Kissing bugs sound like nice, innocent insects, but they are the exact opposite of that description. The little pests are actually blood sucking parasites who feed on animals and people. They earned the “kissing” name because they tend to operate by biting their sleeping victims around the eye and mouth areas.
In some cases the nasty bugs are even deadly because they are responsible for spreading Chagas disease to both humans and animals. Chagas was once a rare parasitic infection but not anymore. A growing number of people in South America and the US are contracting it. The Centers for Disease Control and Prevention (CDC) estimates that approximately 8 million people in Mexico, Central, and South America have Chagas, while in the US over 300,000 people are currently infected!
Many of those who have it are unaware they’ve been infected and it can be life threatening if left untreated. Furthermore, Kissing bugs also transmit Chagas to pets and animals.

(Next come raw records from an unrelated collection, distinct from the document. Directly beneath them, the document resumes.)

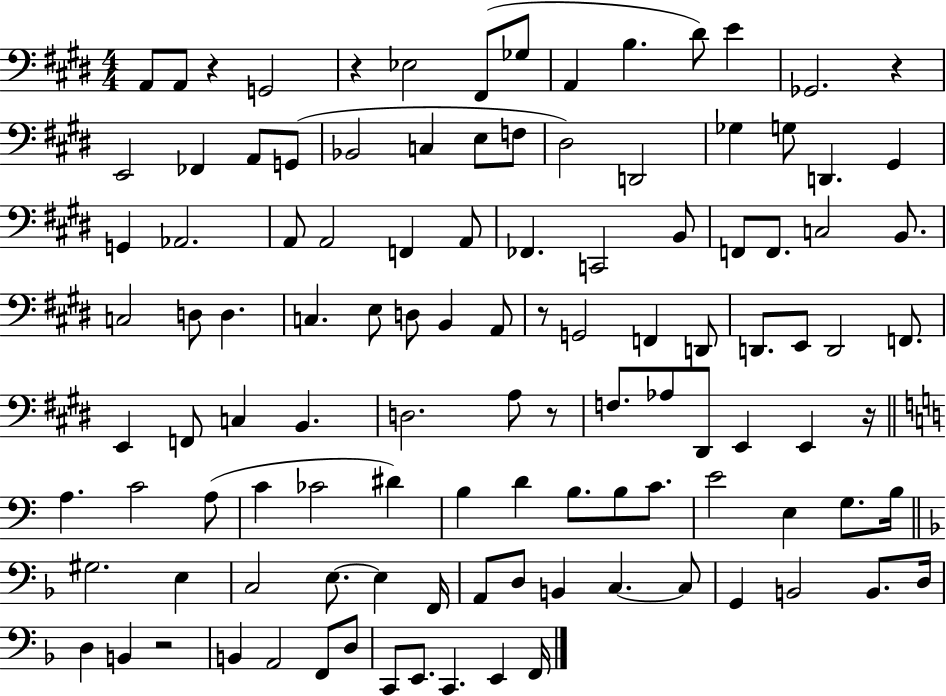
{
  \clef bass
  \numericTimeSignature
  \time 4/4
  \key e \major
  a,8 a,8 r4 g,2 | r4 ees2 fis,8( ges8 | a,4 b4. dis'8) e'4 | ges,2. r4 | \break e,2 fes,4 a,8 g,8( | bes,2 c4 e8 f8 | dis2) d,2 | ges4 g8 d,4. gis,4 | \break g,4 aes,2. | a,8 a,2 f,4 a,8 | fes,4. c,2 b,8 | f,8 f,8. c2 b,8. | \break c2 d8 d4. | c4. e8 d8 b,4 a,8 | r8 g,2 f,4 d,8 | d,8. e,8 d,2 f,8. | \break e,4 f,8 c4 b,4. | d2. a8 r8 | f8. aes8 dis,8 e,4 e,4 r16 | \bar "||" \break \key c \major a4. c'2 a8( | c'4 ces'2 dis'4) | b4 d'4 b8. b8 c'8. | e'2 e4 g8. b16 | \break \bar "||" \break \key d \minor gis2. e4 | c2 e8.~~ e4 f,16 | a,8 d8 b,4 c4.~~ c8 | g,4 b,2 b,8. d16 | \break d4 b,4 r2 | b,4 a,2 f,8 d8 | c,8 e,8. c,4. e,4 f,16 | \bar "|."
}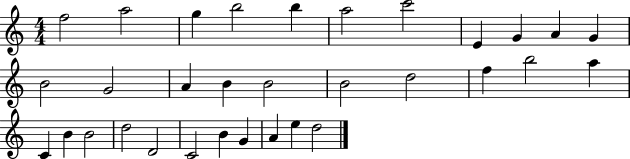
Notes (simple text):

F5/h A5/h G5/q B5/h B5/q A5/h C6/h E4/q G4/q A4/q G4/q B4/h G4/h A4/q B4/q B4/h B4/h D5/h F5/q B5/h A5/q C4/q B4/q B4/h D5/h D4/h C4/h B4/q G4/q A4/q E5/q D5/h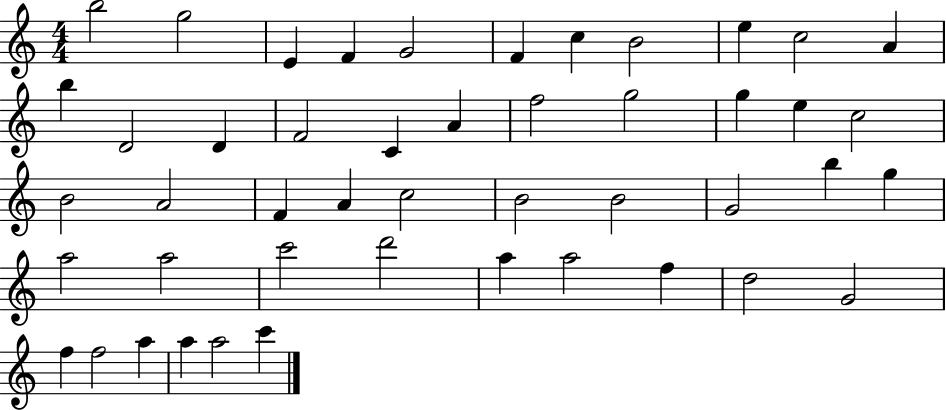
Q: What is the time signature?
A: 4/4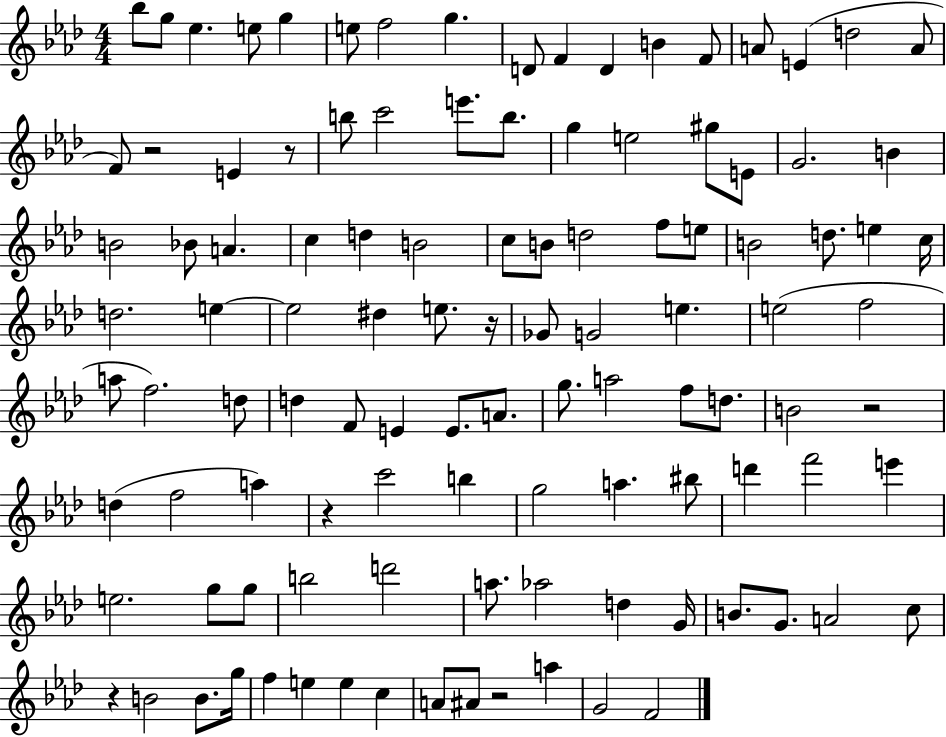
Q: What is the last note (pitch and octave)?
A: F4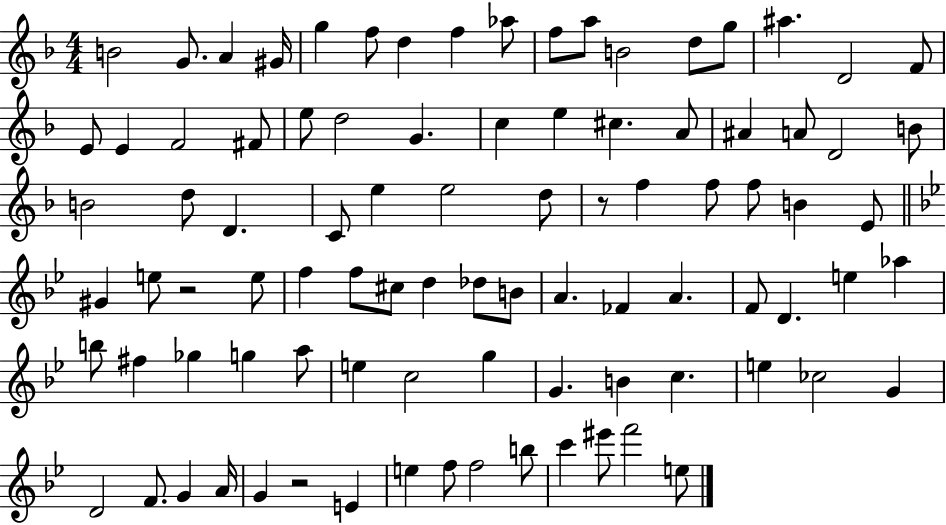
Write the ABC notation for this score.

X:1
T:Untitled
M:4/4
L:1/4
K:F
B2 G/2 A ^G/4 g f/2 d f _a/2 f/2 a/2 B2 d/2 g/2 ^a D2 F/2 E/2 E F2 ^F/2 e/2 d2 G c e ^c A/2 ^A A/2 D2 B/2 B2 d/2 D C/2 e e2 d/2 z/2 f f/2 f/2 B E/2 ^G e/2 z2 e/2 f f/2 ^c/2 d _d/2 B/2 A _F A F/2 D e _a b/2 ^f _g g a/2 e c2 g G B c e _c2 G D2 F/2 G A/4 G z2 E e f/2 f2 b/2 c' ^e'/2 f'2 e/2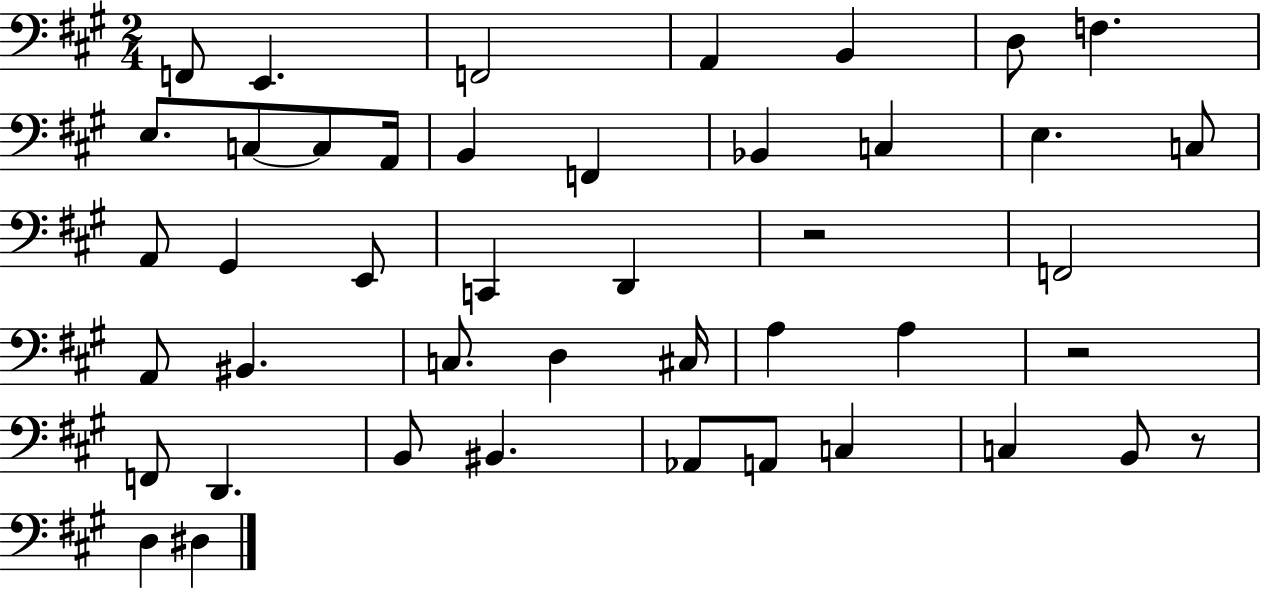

Dogs are among the most susceptible to the disease and in the state of Texas, where kissing bugs are increasingly common, about 400 of them have died as a result of Chagas already!
The kissing bugs responsible for all of this death and disease are called by their scientific name “Triatomine Bugs.” They bite their unsuspecting victims around the eyes and mouth and when their feces comes into contact with either the bite area, or a mucous membrane like an eye, they pass the parasite known as Trypanosoma Cruzi to the host.
The parasite is spread in this gross manner because it lives in the bug’s feces and that happens to be the main way in which it enters a person or animal’s body. As if that wasn’t already nasty enough, canines can contract Chagas in other ways, such as by eating the bugs or infected animal feces.
Once a human or animal has been infected they usually remain unaware that they have the disease until it’s progressed to a later, and more serious, stage. Furthermore, in some cases it may be asymptomatic, meaning there are no symptoms whatsoever until one appears suddenly out of nowhere.
This later point is why it’s being called the “silent killer” and people are being urged to familiarize themselves the signs and symptoms of Chagas disease, which include the following; confusion, weakness, diarrhea, loss of appetite, depression, lethargy, swollen abdomen, a lack of coordination, seizures or jerky movements, and increased heart rate.
There are currently tests available that can detect Chagas if you ever want to get tested. If you suspect you may have it then definitely get tested right away because when the disease is found early enough it can usually be successfully treated and the harmful side-effects lessened.
Please pass this information on so that others are aware of the dangers that kissing bugs pose, and monitor pets health for any signs of chagas disease.